May 18, 2026
Why Employee Benefits Matter More Than Ever for Recruitment and Retention

Salary still matters, but if you're a business owner or HR manager trying to hold on to good people, you've probably noticed that salary alone doesn’t do the job.
The UK labour market has shifted considerably. Employees expect more, move more readily, and are increasingly clear about what they want from an employer beyond their monthly pay. Understanding that shift, and responding to it practically, is one of the more important things a business can do right now.
The Numbers Are Hard to Ignore
The UK average employee turnover rate currently sits at around 35%, according to CIPD data reported by Stribe. That means, in a typical year, more than one in three of your employees could leave. The cost of replacing each one starts at around 30% of their annual salary for a standard role, rising to 200% for senior positions, according to research from Culture Amp. Put plainly: for an employee earning £40,000, you're looking at a minimum of £12,000 to replace them once you factor in recruitment, onboarding, and lost productivity.

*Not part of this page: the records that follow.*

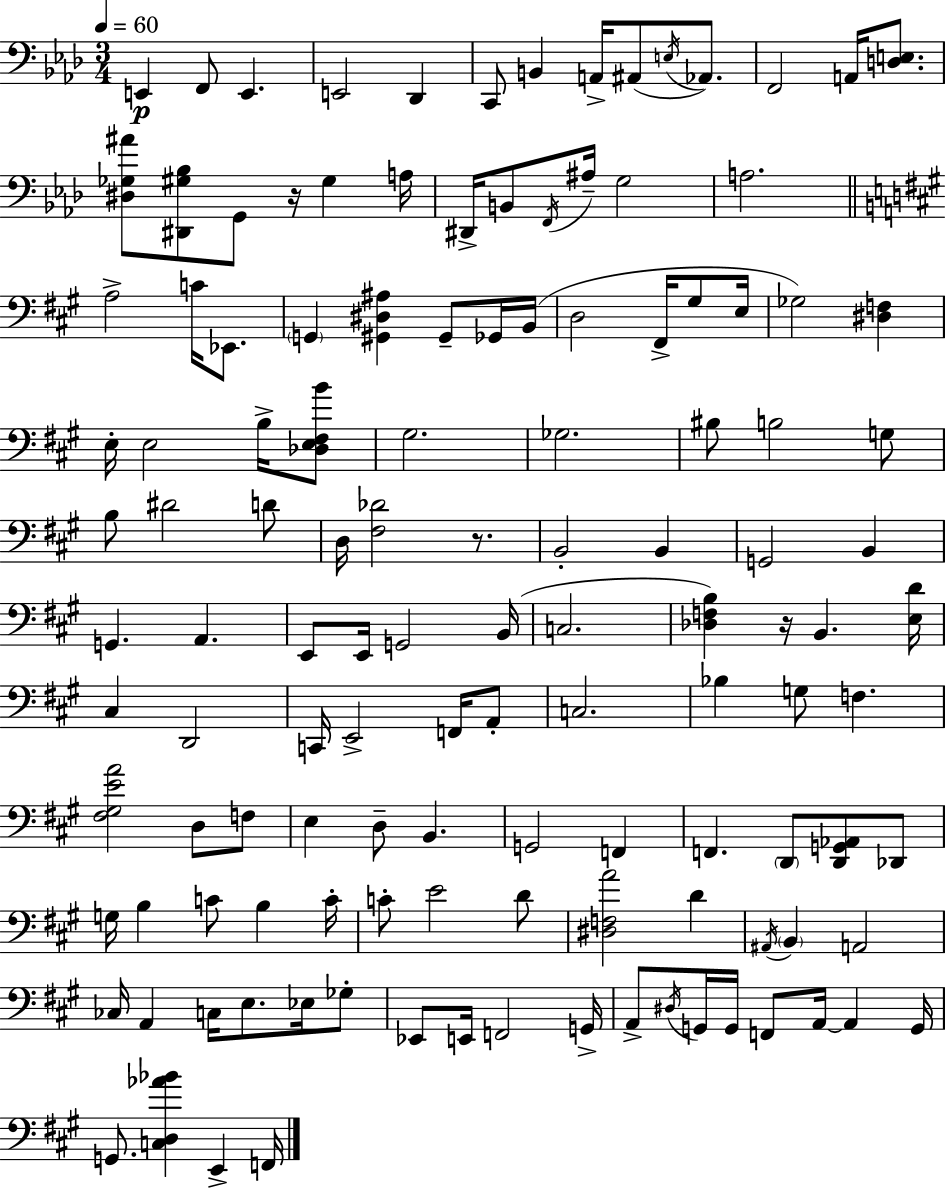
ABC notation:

X:1
T:Untitled
M:3/4
L:1/4
K:Fm
E,, F,,/2 E,, E,,2 _D,, C,,/2 B,, A,,/4 ^A,,/2 E,/4 _A,,/2 F,,2 A,,/4 [D,E,]/2 [^D,_G,^A]/2 [^D,,^G,_B,]/2 G,,/2 z/4 ^G, A,/4 ^D,,/4 B,,/2 F,,/4 ^A,/4 G,2 A,2 A,2 C/4 _E,,/2 G,, [^G,,^D,^A,] ^G,,/2 _G,,/4 B,,/4 D,2 ^F,,/4 ^G,/2 E,/4 _G,2 [^D,F,] E,/4 E,2 B,/4 [_D,E,^F,B]/2 ^G,2 _G,2 ^B,/2 B,2 G,/2 B,/2 ^D2 D/2 D,/4 [^F,_D]2 z/2 B,,2 B,, G,,2 B,, G,, A,, E,,/2 E,,/4 G,,2 B,,/4 C,2 [_D,F,B,] z/4 B,, [E,D]/4 ^C, D,,2 C,,/4 E,,2 F,,/4 A,,/2 C,2 _B, G,/2 F, [^F,^G,EA]2 D,/2 F,/2 E, D,/2 B,, G,,2 F,, F,, D,,/2 [D,,G,,_A,,]/2 _D,,/2 G,/4 B, C/2 B, C/4 C/2 E2 D/2 [^D,F,A]2 D ^A,,/4 B,, A,,2 _C,/4 A,, C,/4 E,/2 _E,/4 _G,/2 _E,,/2 E,,/4 F,,2 G,,/4 A,,/2 ^D,/4 G,,/4 G,,/4 F,,/2 A,,/4 A,, G,,/4 G,,/2 [C,D,_A_B] E,, F,,/4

What's driving the movement? It's rarely one thing. Pay features, as does flexibility and career development. But benefits, the package of support you provide beyond salary, increasingly feature in both the decision to join and the decision to stay.
Research from Ravio's 2025 Compensation Trends report found that for 32% of companies, benefits are the biggest challenge when attracting new hires, and 27% when retaining existing talent.
What Employees Actually Want
The conversation about benefits has changed. It's no longer about perks for perks' sake. What employees want now tends to cluster around three things: financial security, health support, and flexibility.
Financial security has become particularly important given the sustained pressure on household budgets over the last few years. Benefits like salary exchange pension arrangements, group income protection, and financial education programmes help employees feel more secure about the future, and that sense of security connects directly to loyalty.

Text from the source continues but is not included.